After centuries of racial
hierarchy, all sides have been wounded: Whenever a policy or decision gives
privileges to some and not others or perpetuates injustices, the collective community
suffers, and part of our common humanity is lost. It leaves some wounded and
unable to work towards our collective interest.
What is inspiring is the healing
that is happening around the country. Earlier this year, 200 people gathered at
the Chicago Theological Seminary for an extraordinary day of racial healing.
People of all races, genders, religions and ethnicities, gathered in healing
circles to share their "truths" on the racism they endured or
consciously or unconsciously unleashed on others. The healing circles were
sanctuaries for truth-telling, and helped people see one another, acknowledge
differences and begin to build authentic relationships.

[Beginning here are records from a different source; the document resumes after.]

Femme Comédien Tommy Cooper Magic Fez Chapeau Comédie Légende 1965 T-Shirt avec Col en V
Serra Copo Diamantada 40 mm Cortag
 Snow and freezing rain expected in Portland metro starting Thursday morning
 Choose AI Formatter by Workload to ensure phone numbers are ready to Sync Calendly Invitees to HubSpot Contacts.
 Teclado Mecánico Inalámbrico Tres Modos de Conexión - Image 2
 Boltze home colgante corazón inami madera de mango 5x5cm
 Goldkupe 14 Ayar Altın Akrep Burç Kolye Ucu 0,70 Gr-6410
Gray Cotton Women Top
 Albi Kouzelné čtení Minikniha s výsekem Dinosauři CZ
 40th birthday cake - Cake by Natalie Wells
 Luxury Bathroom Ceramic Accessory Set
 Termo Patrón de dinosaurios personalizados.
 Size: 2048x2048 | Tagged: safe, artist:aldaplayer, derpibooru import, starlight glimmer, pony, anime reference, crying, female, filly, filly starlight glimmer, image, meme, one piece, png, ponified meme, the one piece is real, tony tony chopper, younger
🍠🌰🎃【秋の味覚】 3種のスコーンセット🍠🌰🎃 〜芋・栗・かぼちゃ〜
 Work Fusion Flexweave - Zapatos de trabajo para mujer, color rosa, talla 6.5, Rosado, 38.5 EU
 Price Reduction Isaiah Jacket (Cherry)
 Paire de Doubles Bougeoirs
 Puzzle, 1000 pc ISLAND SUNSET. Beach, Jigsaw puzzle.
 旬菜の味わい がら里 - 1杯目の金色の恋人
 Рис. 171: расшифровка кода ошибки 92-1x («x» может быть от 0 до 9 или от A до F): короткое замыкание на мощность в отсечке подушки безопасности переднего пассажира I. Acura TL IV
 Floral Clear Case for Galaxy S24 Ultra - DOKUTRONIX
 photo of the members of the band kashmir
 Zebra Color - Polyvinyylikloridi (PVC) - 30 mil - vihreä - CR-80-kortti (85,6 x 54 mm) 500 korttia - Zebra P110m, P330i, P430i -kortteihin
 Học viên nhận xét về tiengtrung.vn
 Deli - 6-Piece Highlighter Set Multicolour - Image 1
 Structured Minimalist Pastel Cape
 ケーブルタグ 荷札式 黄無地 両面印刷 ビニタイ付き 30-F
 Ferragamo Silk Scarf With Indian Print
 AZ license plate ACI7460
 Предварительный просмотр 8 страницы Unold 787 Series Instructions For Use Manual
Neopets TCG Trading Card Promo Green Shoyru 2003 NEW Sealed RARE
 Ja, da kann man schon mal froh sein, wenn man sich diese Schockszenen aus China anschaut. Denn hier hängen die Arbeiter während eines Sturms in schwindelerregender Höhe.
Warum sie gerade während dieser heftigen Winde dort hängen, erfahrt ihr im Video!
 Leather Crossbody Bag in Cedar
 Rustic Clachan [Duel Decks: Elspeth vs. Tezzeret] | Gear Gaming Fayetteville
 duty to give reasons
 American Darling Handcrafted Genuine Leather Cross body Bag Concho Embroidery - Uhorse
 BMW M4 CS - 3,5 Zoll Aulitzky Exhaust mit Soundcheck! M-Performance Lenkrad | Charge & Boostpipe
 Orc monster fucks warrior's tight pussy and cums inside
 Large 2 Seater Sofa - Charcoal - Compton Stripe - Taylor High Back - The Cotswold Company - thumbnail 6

WKKF, through our Truth, Racial
Healing & Transformation (TRHT) framework, is supporting racial healing in
the 14 places where the TRHT is being implemented. Since 2010, when our
America Healing initiative launched, WKKF has actively promoted racial healing
and supported racial healing practitioners who are available to help
communities, concluding that:
*Racial healing accelerates human
capacity for resilience, truly embracing one another and reconnecting many
people who previously had their identities denied back to their roots, culture,
language and rituals.
*The focus of racial healing is
our "collective humanity," and lifting up that which unites us rather
than that which divides us, while discovering, respecting and indeed honoring
our unique experiences.
*Racial healing will facilitate narrative
change, which will help everyone in communities articulate the truth about
their collective histories and be exposed to full, complete and accurate
representations of themselves and their communities.
Communities must heal so they can
grow. Let's heal and build sustainable progress neighbor by neighbor, community
by community to transform America so all children can have a brighter future.